This part of GOV.UK is being rebuilt – find out what beta means

HMRC internal manual

Company Taxation Manual

Introductory: meaning of ordinary share capital: general

This guidance considers what is meant by “ordinary share capital” and replaces R&C Brief 87/09 published January 2010 also formerly reproduced as CG Manual Appendix 11. That R&C Brief, which succeeded R&C Brief 54/07, was largely focused on whether the balance sheets of foreign entities reflect ordinary share capital or amounts closely analogous to ordinary share capital.  This is now dealt with at CTM00515 and CTM00516.  CTM00512 considers what is meant by “share capital”, CTM00513 what is meant by “shares”, and CTM00514 the meaning of “ordinary shares”.

The relevant definitions, for the purposes of the Income Tax Acts at ITA07/S989, and for the purposes of the Corporation Tax Acts at CTA10/S1119, are identical:

“Ordinary share capital, in relation to a company, means all the company’s issued share capital (however described), other than capital the holders of which have a right to a dividend at a fixed rate but have no other right to share in a dividend.”

The equivalent definition under company law, found at CA06/S548 is of “equity share capital” and reads

“In the Companies Acts “equity share capital”, in relation to a company, means its issued share capital excluding any part of that capital that, neither as respects dividends nor as respects capital, carries any right to participate beyond a specified amount in a distribution.”

The tax and company law definitions are quite similar in effect; “distribution” under company law is defined at CA06/S829 in terms that include “every description of distribution of a company’s assets to its members, whether in cash or otherwise” but excludes capital operations such as bonus (capitalisation) issues, capital reductions, redemptions or purchases of shares out of capital and distributions in a winding-up.

The Corporation Tax definition of “distribution” at CTA10/PART23 is somewhat broader.  It reflects anti-avoidance provisions, aimed for example at certain interest payments which have the character of profit distributions, and covers some capital operations.  But the tax definition above focuses on “dividends”.

See CTM00514 regarding certain special definitions of ordinary share capital.

Types of share capital

The reference in the tax definition to “however described” reflects the fact that commercial practice employs a variety of descriptions of types of share capital which broadly describe their characteristics but are not definitive without reference to the articles or other constitutional documents of the issuing company.  Examples are deferred ordinary shares; participating preferred ordinary shares; participating preference shares.  Sometimes shares will be labelled “non-voting”, “redeemable”, “cumulative” or “convertible”.  These are helpful pointers, but the articles must always be consulted.

Member and shareholder

Member and shareholder do not always mean the same thing, though usually they do.  A member is one of the owners of a company (or whatever nature) whose name has been entered on the register of members.

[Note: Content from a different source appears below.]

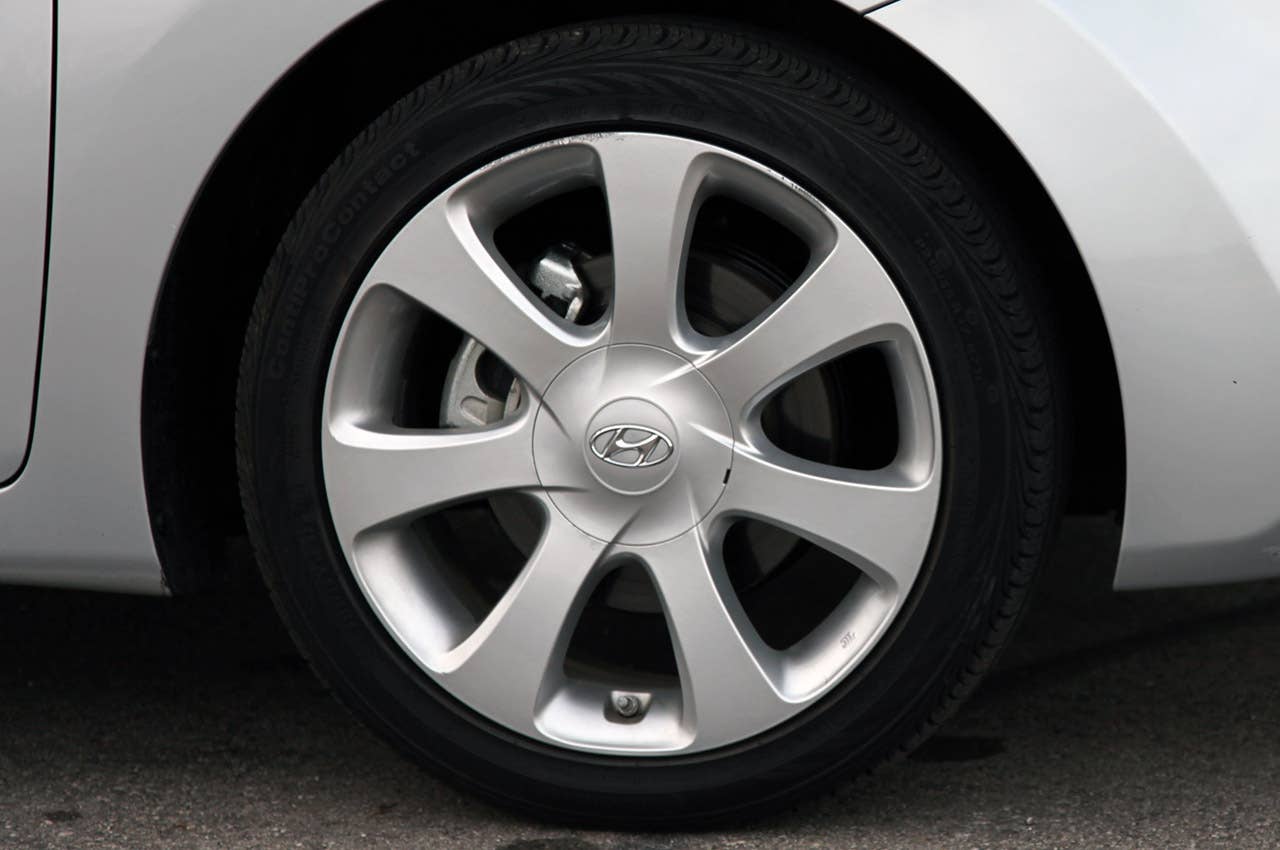 2011 Hyundai Elantra wheel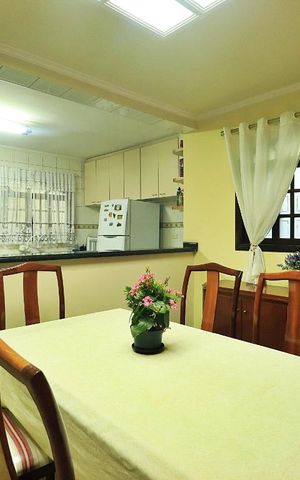 Casa para alugar com 224m², 3 quartos e 5 vagasCozinha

Members delegate various powers to the company’s directors to run the company on their behalf.

A shareholder is a person who subscribes for or buys and holds shares in a company having a share capital, who becomes a member once their name is entered on the register of members. Companies limited by guarantee do not have a share capital, save for some historical exceptions (see CTM00512) and consequently their members are not shareholders but guarantor owners.

Whether an overseas-registered entity is treated as being a company in the first instance depends on whether or not it is treated as being “transparent” for tax purposes.  This aspect is dealt with in the International Manual at INTM180010 onwards.